Retroactive Foreign Agents Registration Act
The bill would amend the statute to state that termination of an agency relationship shall not relieve an agent from the requirement to file a registration statement “covering the period” during which they acted as a foreign agent. The bill would also make more explicit that DOJ has the authority to seek a court order to enforce the Act (e.g., compelling a foreign agent to register), even if “the person does not act as the agent of a foreign principal at the time the court issues the order.” Finally, the bill would apply these statutory changes to conduct both before and after its enactment.

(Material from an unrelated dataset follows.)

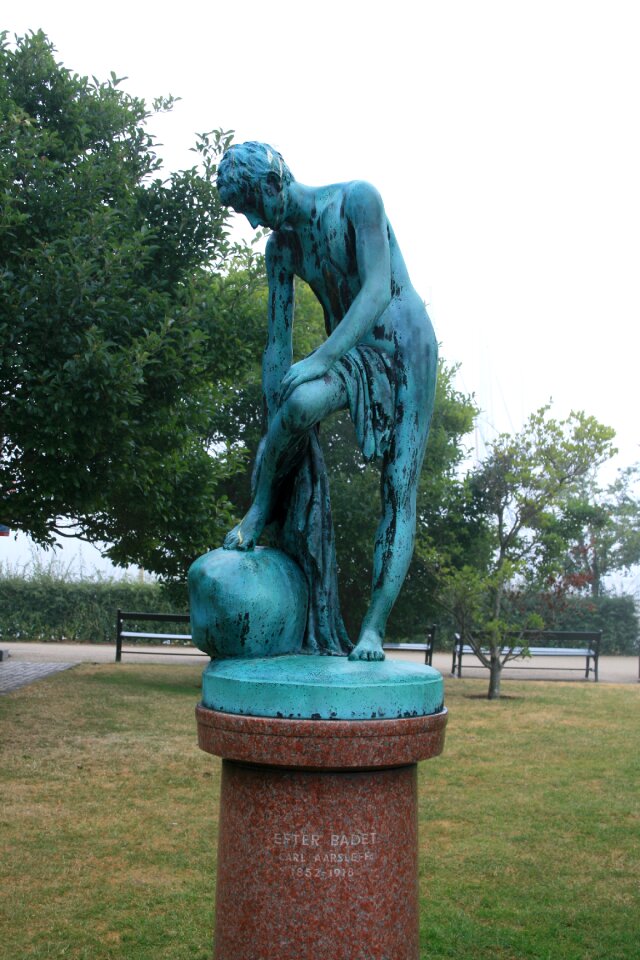 Sculpture culture vintage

The bill is a direct response to a recent decision by the US District Court for the District of Columbia (which DOJ is appealing). In October 2022, that court granted the dismissal of a civil lawsuit by DOJ seeking to compel the registration of an alleged foreign agent whose agency relationship with a foreign principal had ended. In that case, Judge James Boasberg held (with palpable reluctance) that he was bound to do so by a D.C. Circuit decision from 1987 that defined how the statute of limitations runs for purposes of criminal FARA prosecutions.2
Many observers interpreted the ruling to severely limit DOJ’s ability to seek civil injunctions to enforce the law, since unregistered agents would appear to be able to avoid being required to register by terminating the relationship with a foreign principal (though they could be vulnerable to criminal prosecution for failing to register before that point).
In his decision, Judge Boasberg called for the precise legislative fix provided by the Retroactive Foreign Agents Registration Act, noting that such a change would provide clarification that “although registration as an agent is retroactively required even after the termination of an agency relationship, the registration statements that a former agent needed to file would have to report information only from those prior periods during which he was acting on behalf of a foreign principal, as opposed to indefinitely into the future.”3
The Retroactive Foreign Agents Registration Act appears to have significant bipartisan support across a broad ideological spectrum in both the House and Senate, which could improve its prospects for passage and eventual enactment. In the House, the bill’s initial cosponsors include a group of Members from across the political spectrum, including: Reps. Mike Gallagher (R-WI), Raja Krishnamoorthi (D-IL), Chip Roy (R-TX), Jamie Raskin (D-MD), Rob Wittman (R-VA), Seth Moulton (D-MA), Jim Banks (R-IN), Mikie Sherrill (D-NJ), Dusty Johnson (R-SD), Abigail Spanberger (D-VA), and Shontel Brown (D-OH). In the Senate, the bill was introduced by Sens. Chuck Grassley (R-IA), Gary Peters (D-MI), Marco Rubio (R-FL), Todd Young (R-IN) and Elizabeth Warren (D-MA).
Moreover, the bill’s narrow focus, in direct response to a recent court decision, could also enhance its prospects for passage, since proponents will argue that it will simply restore the law to what many believed it to be. Of course, Congress has tried unsuccessfully to pass FARA reform in the past and it may be challenging for this Congress, to pass anything—even narrow, bipartisan and bicameral bills—this year. Nonetheless, this bill may represent the best shot at FARA reform in many years, which is why those with an interest in FARA should pay close attention to any congressional activity surrounding this bill.
2 United States v. McGoff, 831 F.2d 1071, 1082 (D.C. Cir. 1987) (“From the manner in which FARA defines the status of an agency relationship and mandates the content of statements (and supplements) which foreign agents must file, it appears that the statutory obligation to file expires when the agent ceases activities on behalf of the foreign principal.”).